According to him, the same rules applied to all unit commanders, as well as to the commanders of Tactical groups. When asked whether he had ever heard that Delalic had initiated disciplinary proceedings against any of his subordinates Pasalic replied that he was unaware of that.

Pasalic only learnt about the inmates at the Celebici camp in November 1992, six months after the camp had been set up. Pasalic was then appointed commander of the newly-formed Fourth Corps of the Army of B-H, which encompassed the units from the area of Konjic, where Celebici is situated. Upon arrival at Konjic, the new commander was informed that prisoners were being held in the former JNA warehouse, and heard rumours of people missing and believed killed.

He formed a commission to investigate and ordered that 13 people involved in managing the camp be detained for up to one month, and, finally, brought criminal charges against Delalic, a supreme military authority in the Konjic region, and against Zdravko Mucic, commander of the Celebici camp. Since both men had left Konjic in the meantime, he requested that an arrest warrant be issued for them and sent to Interpol. Delalic and Mucic were arrested in Germany and Austria respectively on the basis of that warrant in February 1996. They were later extradited to the Hague Tribunal which issued an indictment against them - and against Hazim Delic and Esad Landzo - March the same year.

Pasalic denied that he had ever been Delalic's superior. When in November 1992, the Tactical Group I became a part of the Fourth Corps under his command, Delalic had already left Konjic. He admitted, however, that he had given the accused fake Croatian documents, to enable Delalic to move freely on the territory under the control of the Croatian Defence Council (HVO).

During Pasalic's cross-examination, the defence put the case of the Celebici camp into the wider context of the aggression against Bosnia-Herzegovina, the shelling of Konjic and the destruction of nearby Muslim and Croat villages. Pasalic agreed that the situation was "confusing and very complex"; that people with inadequate experience assumed various offices; that the relationship between civilians and the military authorities was not precisely defined; that the army rules were only approved in 1993 and that a multitude of paramilitary formations were active in Bosnia.

He concluded that "the system of command and control was very complex in the peace time, let alone in the war time. The problems of command were exceptionally big, because we were creating the army in the most difficult of conditions."

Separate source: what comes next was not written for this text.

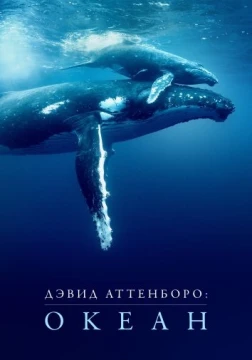 Дэвид Аттенборо: Океан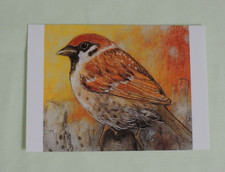 1x Postkarten SPATZ Loes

Croatian lawyer Zeljko Olujic, defence counsel for Mucic, tripped up while cross-examining Pasalic. He tried to get the general to confirm that there was no conflict between Muslims and Croats between May and November 1992. Pasalic 's answer, however, was unexpected.

"I do not agree with the wording 'the conflict between Muslims and Croats'", Pasalic said. "It was the aggression of the extreme wing of HVO, which was later, to transform into the conflict between the peoples. As far back as July 18, 1992, in the talks with Croatian generals Agotic and Tus…I warned that the existence of B-H as a state was being denied; that the existence of Muslims as the people was being denied, that the existence of the Territorial Defence of B-H was being denied, while it was claimed that was a communist creation. I warned that this would lead to a conflict first between individuals, then units, and finally peoples. Unfortunately, this is exactly what happened."

Olujic had to interrupt the witness. "Let us go back to the Serbs...", he said and reverted to questioning him about the "Serb-communist domination" in the former state and army.